----- Information provided

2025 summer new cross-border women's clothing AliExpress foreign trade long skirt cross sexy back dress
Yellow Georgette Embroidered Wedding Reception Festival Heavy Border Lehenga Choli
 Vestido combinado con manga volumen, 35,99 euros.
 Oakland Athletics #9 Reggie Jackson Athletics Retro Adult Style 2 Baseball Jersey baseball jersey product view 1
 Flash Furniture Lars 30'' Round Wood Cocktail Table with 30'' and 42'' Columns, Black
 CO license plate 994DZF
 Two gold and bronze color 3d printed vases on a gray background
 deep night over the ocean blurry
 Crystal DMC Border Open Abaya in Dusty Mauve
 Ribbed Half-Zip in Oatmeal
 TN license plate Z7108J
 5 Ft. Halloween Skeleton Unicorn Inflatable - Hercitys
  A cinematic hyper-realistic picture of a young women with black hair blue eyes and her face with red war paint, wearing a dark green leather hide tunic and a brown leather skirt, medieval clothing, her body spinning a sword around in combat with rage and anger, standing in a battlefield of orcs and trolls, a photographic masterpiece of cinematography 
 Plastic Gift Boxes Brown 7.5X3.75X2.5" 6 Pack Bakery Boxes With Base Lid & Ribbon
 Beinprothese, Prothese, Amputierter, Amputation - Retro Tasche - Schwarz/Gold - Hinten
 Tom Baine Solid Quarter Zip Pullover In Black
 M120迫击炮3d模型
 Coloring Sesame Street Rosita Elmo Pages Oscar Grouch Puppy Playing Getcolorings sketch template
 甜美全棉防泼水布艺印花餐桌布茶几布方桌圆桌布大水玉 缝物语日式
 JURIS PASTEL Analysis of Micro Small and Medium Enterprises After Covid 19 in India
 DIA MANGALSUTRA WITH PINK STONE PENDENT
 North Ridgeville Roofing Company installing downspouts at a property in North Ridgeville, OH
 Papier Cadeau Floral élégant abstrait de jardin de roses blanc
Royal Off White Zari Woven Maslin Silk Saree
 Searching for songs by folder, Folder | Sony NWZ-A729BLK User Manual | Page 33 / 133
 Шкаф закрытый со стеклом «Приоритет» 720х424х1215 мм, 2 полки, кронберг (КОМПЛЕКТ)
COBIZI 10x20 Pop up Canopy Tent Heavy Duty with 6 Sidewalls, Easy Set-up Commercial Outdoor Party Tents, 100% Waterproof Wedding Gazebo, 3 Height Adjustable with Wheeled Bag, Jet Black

----------

◆ Required work:
The data is to be given again in full, with every line exact.

◆ Exercise output:
2025 summer new cross-border women's clothing AliExpress foreign trade long skirt cross sexy back dress
Yellow Georgette Embroidered Wedding Reception Festival Heavy Border Lehenga Choli
 Vestido combinado con manga volumen, 35,99 euros.
 Oakland Athletics #9 Reggie Jackson Athletics Retro Adult Style 2 Baseball Jersey baseball jersey product view 1
 Flash Furniture Lars 30'' Round Wood Cocktail Table with 30'' and 42'' Columns, Black
 CO license plate 994DZF
 Two gold and bronze color 3d printed vases on a gray background
 deep night over the ocean blurry
 Crystal DMC Border Open Abaya in Dusty Mauve
 Ribbed Half-Zip in Oatmeal
 TN license plate Z7108J
 5 Ft. Halloween Skeleton Unicorn Inflatable - Hercitys
  A cinematic hyper-realistic picture of a young women with black hair blue eyes and her face with red war paint, wearing a dark green leather hide tunic and a brown leather skirt, medieval clothing, her body spinning a sword around in combat with rage and anger, standing in a battlefield of orcs and trolls, a photographic masterpiece of cinematography 
 Plastic Gift Boxes Brown 7.5X3.75X2.5" 6 Pack Bakery Boxes With Base Lid & Ribbon
 Beinprothese, Prothese, Amputierter, Amputation - Retro Tasche - Schwarz/Gold - Hinten
 Tom Baine Solid Quarter Zip Pullover In Black
 M120迫击炮3d模型
 Coloring Sesame Street Rosita Elmo Pages Oscar Grouch Puppy Playing Getcolorings sketch template
 甜美全棉防泼水布艺印花餐桌布茶几布方桌圆桌布大水玉 缝物语日式
 JURIS PASTEL Analysis of Micro Small and Medium Enterprises After Covid 19 in India
 DIA MANGALSUTRA WITH PINK STONE PENDENT
 North Ridgeville Roofing Company installing downspouts at a property in North Ridgeville, OH
 Papier Cadeau Floral élégant abstrait de jardin de roses blanc
Royal Off White Zari Woven Maslin Silk Saree
 Searching for songs by folder, Folder | Sony NWZ-A729BLK User Manual | Page 33 / 133
 Шкаф закрытый со стеклом «Приоритет» 720х424х1215 мм, 2 полки, кронберг (КОМПЛЕКТ)
COBIZI 10x20 Pop up Canopy Tent Heavy Duty with 6 Sidewalls, Easy Set-up Commercial Outdoor Party Tents, 100% Waterproof Wedding Gazebo, 3 Height Adjustable with Wheeled Bag, Jet Black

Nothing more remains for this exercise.